क्षरः सर्वाणि भूतानि कूटस्थोऽक्षर उच्यते।।15.16।।

Sanskrit Commentary By Sri Ramanuja

।।15.16।।क्षरः च अक्षर एव च इति द्वौ इमौ पुरुषौ लोके प्रथितौ। तत्र क्षरशब्दनिर्दिष्टः पुरुषो जीवशब्दाभिलपनीय ब्रह्मादिस्तम्बपर्यन्तक्षरणस्वभावाचित्संसृष्ट सर्वभूतानि अत्र अचित्सङ्गरूपैकोपाधिना पुरुषः इति एकत्वनिर्देशः।अक्षरशब्दनिर्दिष्टः कूटस्थः? अचित्संसर्गवियुक्तः? स्वेन रूपेण अवस्थितो मुक्तात्मा। स तु अचित्संसर्गाभावाद् अचित्परिणामविशेषब्रह्मादिदेहसाधारणो न भवति इति कूटस्थ इति उच्यते।

अत्र अपि एकत्वनिर्देशः अचिद्वियोगरूपैकोपाधिना अभिहितः। न हि इतः पूर्वम् अनादौ काले मुक्त एक एव। यथा उक्तम् -- बहवो ज्ञानतपसा पूता मद्भावमागताः।। (गीता 4।10)मम साधर्म्यमागताः। सर्गेऽपि नोपजायन्ते प्रलये न व्यथन्ति च।। (गीता 14।2) इति।

English Translation of Ramanuja's Sanskrit Commentary By Swami Adidevananda

15.16 There are, the Sastras say, 'two kinds of Persons (Purusas)' well known in the world - 'the perishable and the imperishable.' Of the two, the Persons designated by the term 'perishable' (Ksara) are beings conjoint with non-conscient matter of modifiable nature, from Brahma down to a blade of grass,who can be signified also by the term Jivas (individual selves). Here the term Purusa (Person) is used in singular to indicate the common single condition of being conjoined with non-conscient matter. That which is the 'imperishable' (Aksara) is called 'unchanging' (Kutastha), this is the released self, devoid of association with non-conscient matter, remaining in its own form. It is called 'unchangeable' inasmuch as when free from non-conscient matter, It has no specific connection with particular transformations of non-conscient matter like the bodies of Brahma etc. Here also the designation of the term in singular (as expressing a generic class) denoting the totality of liberated selves, is used on account of the single condition of dissociation from non-conscient matter. It does not mean that before this, in time without beginning, there existed but a single liberated self. So it is stated: 'Purified by the austerity of knowledge, many have attained My state' (4.10); and 'They are not born at the time of creation, nor do they suffer at the time of dissolution' (14.2).

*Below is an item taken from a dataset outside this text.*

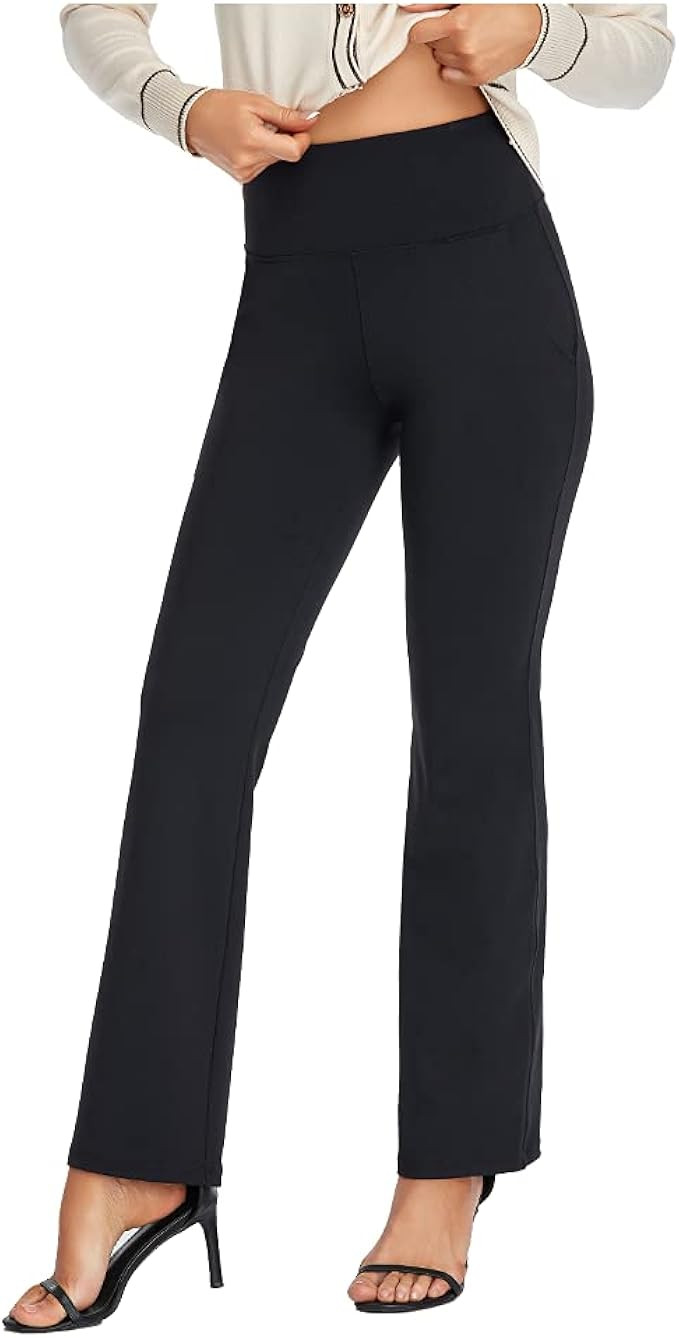 Agenlulu High Waisted Pants for Women - 4 Way Stretch Comfy Non See Through Bootcut Yoga Dress Pa... | Amazon (US)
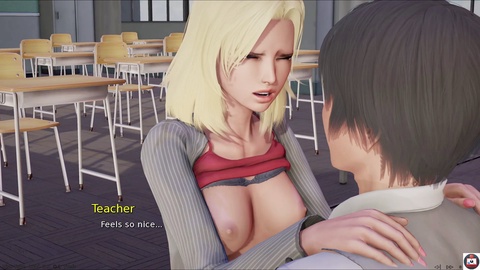 Hentais, teacher and students, big boobs blonde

English Translation Of Sri Shankaracharya's Sanskrit Commentary By Swami Gambirananda

15.16 There are imau, these; dvau, two-grouped separately; purusau, persons, so called [Persons-so called only figuratively, since they are the limiting adjuncts of the supreme Person.]; loke in the world; the ksarah, mutable-one group consists of the perishable; the other person is the aksarah, immutable, opposite of the former, the power of God called Maya, which is the seed of the origin of the person called the mutable. That which is the receptacle of the impressions of desires, actions, etc. of countless transmigrating creatures is called the immutable person. Who are those persons? The Lord Himself gives the answer: Ksarah, the mutable; consists of sarvani, all; bhutani, things, i.e. the totality of all mutable things. Kutasthah is the one existing as Maya: Kuta means a heap; kutasthah, is that which exists like a heap. Or, kuta is maya, deception, falsehood, crookedness, which are synonymous; that which exists in the diverse forms of maya etc. is the kutasthah. It is ucyate, called; the aksarah, immutable, because, owing to the countless seeds of worldly existence, it does not perish.